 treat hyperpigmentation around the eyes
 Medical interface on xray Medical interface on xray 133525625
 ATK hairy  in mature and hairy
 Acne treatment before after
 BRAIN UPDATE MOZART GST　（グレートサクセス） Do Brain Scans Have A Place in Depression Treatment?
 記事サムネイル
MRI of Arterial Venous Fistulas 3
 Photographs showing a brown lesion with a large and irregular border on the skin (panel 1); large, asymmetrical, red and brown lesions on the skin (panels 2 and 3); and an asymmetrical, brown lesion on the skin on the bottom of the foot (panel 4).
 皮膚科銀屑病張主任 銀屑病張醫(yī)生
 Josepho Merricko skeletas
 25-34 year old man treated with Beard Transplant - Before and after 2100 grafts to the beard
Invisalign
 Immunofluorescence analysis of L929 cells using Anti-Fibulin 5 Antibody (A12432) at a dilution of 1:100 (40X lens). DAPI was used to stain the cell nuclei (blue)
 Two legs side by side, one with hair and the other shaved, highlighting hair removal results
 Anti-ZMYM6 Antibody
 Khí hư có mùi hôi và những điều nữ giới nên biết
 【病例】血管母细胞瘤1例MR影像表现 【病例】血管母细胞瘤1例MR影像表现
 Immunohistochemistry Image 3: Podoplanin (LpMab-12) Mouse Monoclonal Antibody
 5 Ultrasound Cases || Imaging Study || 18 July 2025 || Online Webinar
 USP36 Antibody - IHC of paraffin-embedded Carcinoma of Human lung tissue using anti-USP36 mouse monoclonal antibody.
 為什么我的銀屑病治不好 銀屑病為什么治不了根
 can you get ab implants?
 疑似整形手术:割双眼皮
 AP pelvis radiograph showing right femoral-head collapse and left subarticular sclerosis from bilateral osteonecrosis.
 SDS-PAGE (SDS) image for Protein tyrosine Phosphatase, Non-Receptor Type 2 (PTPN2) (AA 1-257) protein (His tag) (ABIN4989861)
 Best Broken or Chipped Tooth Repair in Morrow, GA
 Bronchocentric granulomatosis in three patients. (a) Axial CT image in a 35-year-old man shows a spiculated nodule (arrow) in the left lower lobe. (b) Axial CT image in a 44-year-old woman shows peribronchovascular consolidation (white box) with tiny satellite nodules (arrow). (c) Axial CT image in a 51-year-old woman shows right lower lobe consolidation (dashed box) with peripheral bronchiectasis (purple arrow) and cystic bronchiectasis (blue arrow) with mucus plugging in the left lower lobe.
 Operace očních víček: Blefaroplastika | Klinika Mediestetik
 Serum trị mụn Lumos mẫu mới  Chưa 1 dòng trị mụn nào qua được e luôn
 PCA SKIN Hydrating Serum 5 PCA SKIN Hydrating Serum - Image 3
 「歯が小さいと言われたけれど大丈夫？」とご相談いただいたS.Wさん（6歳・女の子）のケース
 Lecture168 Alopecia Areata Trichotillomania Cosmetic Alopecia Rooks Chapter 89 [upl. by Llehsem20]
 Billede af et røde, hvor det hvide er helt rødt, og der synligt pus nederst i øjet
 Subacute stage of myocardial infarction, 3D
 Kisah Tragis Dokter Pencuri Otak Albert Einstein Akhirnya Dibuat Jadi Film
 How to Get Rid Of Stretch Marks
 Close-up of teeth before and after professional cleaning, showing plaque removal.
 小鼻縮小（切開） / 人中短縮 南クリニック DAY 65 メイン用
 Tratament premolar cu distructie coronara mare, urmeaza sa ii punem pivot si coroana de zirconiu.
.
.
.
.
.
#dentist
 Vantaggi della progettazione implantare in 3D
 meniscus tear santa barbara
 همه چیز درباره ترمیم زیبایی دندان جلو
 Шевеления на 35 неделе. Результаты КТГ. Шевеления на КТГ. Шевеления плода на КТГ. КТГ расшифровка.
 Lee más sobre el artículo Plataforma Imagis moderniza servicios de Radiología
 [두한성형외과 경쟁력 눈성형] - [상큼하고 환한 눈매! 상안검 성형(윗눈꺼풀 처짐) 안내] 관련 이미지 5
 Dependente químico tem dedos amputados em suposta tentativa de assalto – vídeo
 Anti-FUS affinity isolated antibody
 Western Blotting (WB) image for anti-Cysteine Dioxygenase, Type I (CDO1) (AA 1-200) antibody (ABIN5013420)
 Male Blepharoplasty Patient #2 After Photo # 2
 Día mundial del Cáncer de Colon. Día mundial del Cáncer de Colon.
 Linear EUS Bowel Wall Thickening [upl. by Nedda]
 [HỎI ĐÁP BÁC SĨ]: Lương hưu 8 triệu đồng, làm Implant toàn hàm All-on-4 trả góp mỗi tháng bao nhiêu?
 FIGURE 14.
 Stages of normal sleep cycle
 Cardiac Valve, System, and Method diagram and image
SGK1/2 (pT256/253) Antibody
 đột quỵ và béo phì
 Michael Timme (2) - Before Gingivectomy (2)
□ □ □
Each record above is to be written out again, without any change.

 treat hyperpigmentation around the eyes
 Medical interface on xray Medical interface on xray 133525625
 ATK hairy  in mature and hairy
 Acne treatment before after
 BRAIN UPDATE MOZART GST　（グレートサクセス） Do Brain Scans Have A Place in Depression Treatment?
 記事サムネイル
MRI of Arterial Venous Fistulas 3
 Photographs showing a brown lesion with a large and irregular border on the skin (panel 1); large, asymmetrical, red and brown lesions on the skin (panels 2 and 3); and an asymmetrical, brown lesion on the skin on the bottom of the foot (panel 4).
 皮膚科銀屑病張主任 銀屑病張醫(yī)生
 Josepho Merricko skeletas
 25-34 year old man treated with Beard Transplant - Before and after 2100 grafts to the beard
Invisalign
 Immunofluorescence analysis of L929 cells using Anti-Fibulin 5 Antibody (A12432) at a dilution of 1:100 (40X lens). DAPI was used to stain the cell nuclei (blue)
 Two legs side by side, one with hair and the other shaved, highlighting hair removal results
 Anti-ZMYM6 Antibody
 Khí hư có mùi hôi và những điều nữ giới nên biết
 【病例】血管母细胞瘤1例MR影像表现 【病例】血管母细胞瘤1例MR影像表现
 Immunohistochemistry Image 3: Podoplanin (LpMab-12) Mouse Monoclonal Antibody
 5 Ultrasound Cases || Imaging Study || 18 July 2025 || Online Webinar
 USP36 Antibody - IHC of paraffin-embedded Carcinoma of Human lung tissue using anti-USP36 mouse monoclonal antibody.
 為什么我的銀屑病治不好 銀屑病為什么治不了根
 can you get ab implants?
 疑似整形手术:割双眼皮
 AP pelvis radiograph showing right femoral-head collapse and left subarticular sclerosis from bilateral osteonecrosis.
 SDS-PAGE (SDS) image for Protein tyrosine Phosphatase, Non-Receptor Type 2 (PTPN2) (AA 1-257) protein (His tag) (ABIN4989861)
 Best Broken or Chipped Tooth Repair in Morrow, GA
 Bronchocentric granulomatosis in three patients. (a) Axial CT image in a 35-year-old man shows a spiculated nodule (arrow) in the left lower lobe. (b) Axial CT image in a 44-year-old woman shows peribronchovascular consolidation (white box) with tiny satellite nodules (arrow). (c) Axial CT image in a 51-year-old woman shows right lower lobe consolidation (dashed box) with peripheral bronchiectasis (purple arrow) and cystic bronchiectasis (blue arrow) with mucus plugging in the left lower lobe.
 Operace očních víček: Blefaroplastika | Klinika Mediestetik
 Serum trị mụn Lumos mẫu mới  Chưa 1 dòng trị mụn nào qua được e luôn
 PCA SKIN Hydrating Serum 5 PCA SKIN Hydrating Serum - Image 3
 「歯が小さいと言われたけれど大丈夫？」とご相談いただいたS.Wさん（6歳・女の子）のケース
 Lecture168 Alopecia Areata Trichotillomania Cosmetic Alopecia Rooks Chapter 89 [upl. by Llehsem20]
 Billede af et røde, hvor det hvide er helt rødt, og der synligt pus nederst i øjet
 Subacute stage of myocardial infarction, 3D
 Kisah Tragis Dokter Pencuri Otak Albert Einstein Akhirnya Dibuat Jadi Film
 How to Get Rid Of Stretch Marks
 Close-up of teeth before and after professional cleaning, showing plaque removal.
 小鼻縮小（切開） / 人中短縮 南クリニック DAY 65 メイン用
 Tratament premolar cu distructie coronara mare, urmeaza sa ii punem pivot si coroana de zirconiu.
.
.
.
.
.
#dentist
 Vantaggi della progettazione implantare in 3D
 meniscus tear santa barbara
 همه چیز درباره ترمیم زیبایی دندان جلو
 Шевеления на 35 неделе. Результаты КТГ. Шевеления на КТГ. Шевеления плода на КТГ. КТГ расшифровка.
 Lee más sobre el artículo Plataforma Imagis moderniza servicios de Radiología
 [두한성형외과 경쟁력 눈성형] - [상큼하고 환한 눈매! 상안검 성형(윗눈꺼풀 처짐) 안내] 관련 이미지 5
 Dependente químico tem dedos amputados em suposta tentativa de assalto – vídeo
 Anti-FUS affinity isolated antibody
 Western Blotting (WB) image for anti-Cysteine Dioxygenase, Type I (CDO1) (AA 1-200) antibody (ABIN5013420)
 Male Blepharoplasty Patient #2 After Photo # 2
 Día mundial del Cáncer de Colon. Día mundial del Cáncer de Colon.
 Linear EUS Bowel Wall Thickening [upl. by Nedda]
 [HỎI ĐÁP BÁC SĨ]: Lương hưu 8 triệu đồng, làm Implant toàn hàm All-on-4 trả góp mỗi tháng bao nhiêu?
 FIGURE 14.
 Stages of normal sleep cycle
 Cardiac Valve, System, and Method diagram and image
SGK1/2 (pT256/253) Antibody
 đột quỵ và béo phì
 Michael Timme (2) - Before Gingivectomy (2)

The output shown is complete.